18th Nov 10:46 PM PST - third party configuration was updated but JSON was malformed
22nd Nov 3:00 AM PST - one of two service instances restarted and started to crash loop as it was unable to read the malformed configuration, while the other instance was still active and was handling all traffic
23rd Nov 7:45 AM PST - the second instance restarted and started to crash loop as well because of the same issue
23rd Nov 8:00 AM PST - Sardine Engineering was alerted of an outage
23rd Nov 8:05 AM PST - we updated the malformed configuration and service was restored
From 7:45 AM PST to 8:05 AM PST, a subset of APIs were down
Including the following APIs:
During this time, we returned HTTP 502 response for above APIs
Device events related APIs were not impacted (these include Devices API, SDK events, etc.)

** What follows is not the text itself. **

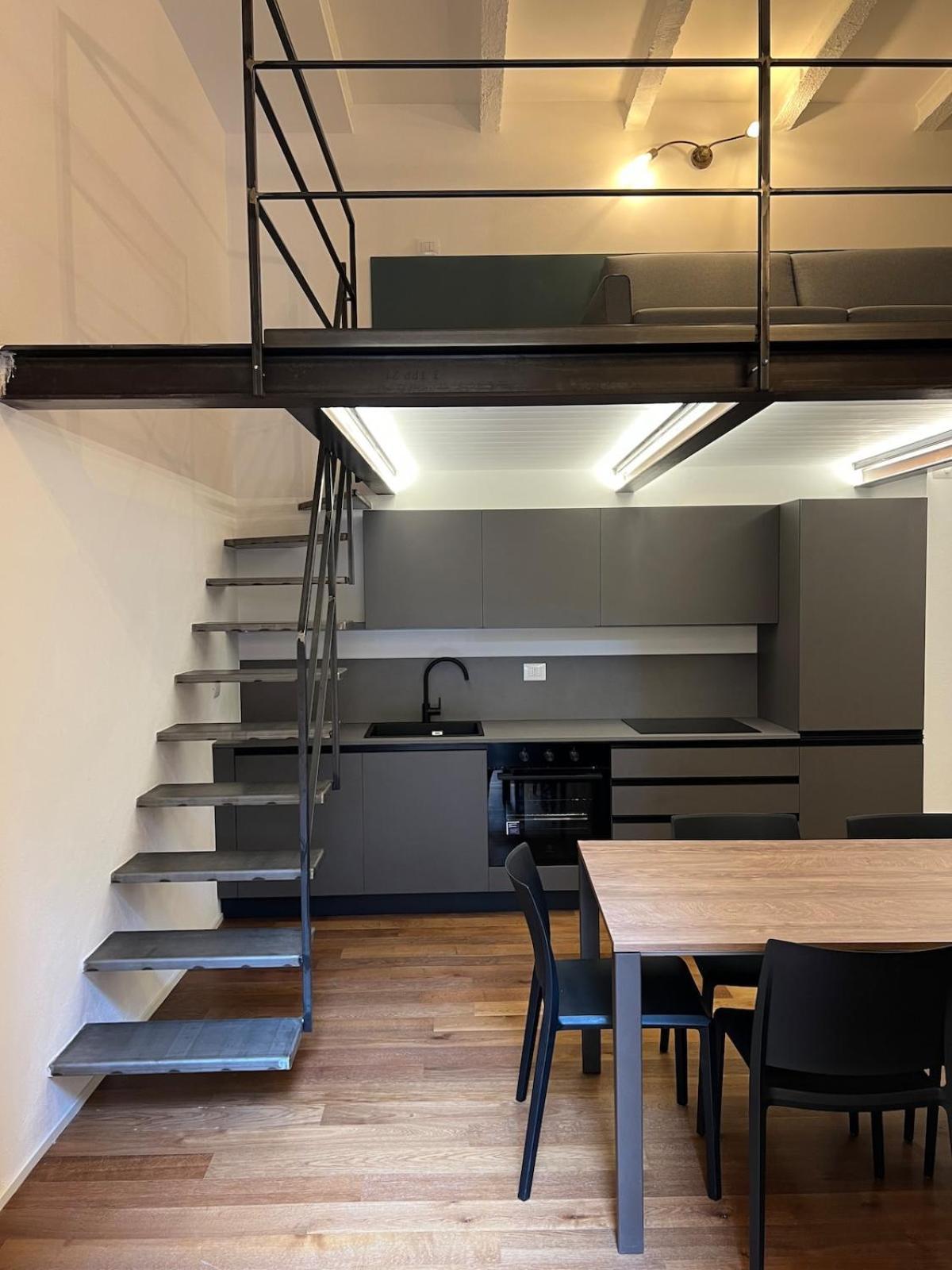Two-room In Historic Center With Private Courtyard * Bologna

[x] Add monitoring for load balancer HTTP 5XX errors
[x] Set up to page in production
[ ] Add alerting for “panic” keyword (during incident, the word “panic” was in INFO-level log statement therefore was not picked up by any alerts or monitors)
[ ] Alert based on individual instance health check
[ ] Improve robustness of loading configurations and initialization for third party services
[ ] Determine if vendor client initializations should be non-blocking
[ ] Make configuration updates in GCP more robust
[x] Set up 3rd party site monitoring service
Posted Nov 24, 2022 - 00:16 UTC
Due to a configuration error on our part, we were temporarily down from 7:44 PST to 8:05 PST. All services are back to operational. We sincerely apologize for the outage and we will be providing a full post mortem as we continue to investigate.
For ~20 min between 7:44 PST to 8:05 PST - Customers, Issuing, Feedback and Identity Document APIs were down. - Events and Devices APIs were not affected.